Following the exact same pattern, simply do this:

"Hajimemashite (while bowing), _________ to iimasu (changed from moushimasu). Yoroshiku onegaishimasu (while bowing).

Here you're essentially saying the same thing but in a more casual way, by changing the moushimasu to iimasu, and dropping the douzo and changing onegaitashimasu to onegaishimasu.

Now this is not the only way to introduce yourself in Japanese, and it is not the best way either. However, it's correct, acceptable, and widely used. If you manage to get this down pat then you'll undoubtedly create a good first impression, or at least further strengthen your facade of being able to truly speak Japanese.


Paul Martin on February 06, 2018:

Thank you for this. It is very helpful and i love the injection of humor. Hilarious. I’m having final presentation for my Japanese class. 頑張ります!

mikeydcarroll67 on May 28, 2015:

These are essential for anyone travelling to Japan! Any learner will make the most of these!

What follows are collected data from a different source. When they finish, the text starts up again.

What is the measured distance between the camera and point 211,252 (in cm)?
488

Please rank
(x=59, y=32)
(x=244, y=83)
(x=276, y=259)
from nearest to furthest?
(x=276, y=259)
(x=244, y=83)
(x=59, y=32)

Buthina on November 23, 2013:

Arigato guzaimashta, could you please write the sentence said by the house owner when asking me to enter the house??!!

Akbok (author) from Aomori prefecture, Japan on April 10, 2011:

Rooskaya: Thanks a bunch! Japanese is a fickle mistress, and I'm glad I've been of some use in helping someone understand her.

Cheerfulnuts: That's perfect! Spoken just like a true native speaker :), with all the politeness you could have to boot.

cheerfulnuts from Manila, Philippines on April 07, 2011:

Hajimemashite, cheerfulnuts to moushimasu. Douzo yoroshiku onegaitashimasu. :) Thanks for the free Japanese lesson, Akbok!

Rooskaya from USA on April 07, 2011:

Nice hub.I would try to learn from your hub.Thanks.

Akbok (author) from Aomori prefecture, Japan on April 02, 2011:

WickedYeti: Thanks for the comment! Yeah, they'll be pretty excited about you nailing a sweet introduction, but it may lull them into thinking you're a fluent Japanese speaker ;). I'll be sure to keep up the Hubs on conversation tips so when you do visit, you'll be nicely equipped to impress!

WickedYeti on April 01, 2011:

I have japanese relatives and am always embarrassed by my lack of japanese language skills. This was so helpful! hopefully if i ever go to visit i'll be able to remember some of these so as to not seem like such a foreigner!

Ruth on March 21, 2011:

I've done this many times but as I now know, sloppily! What a great explanation and funny too. I have a chance to practice tomorrow night, so I'll put it to the test.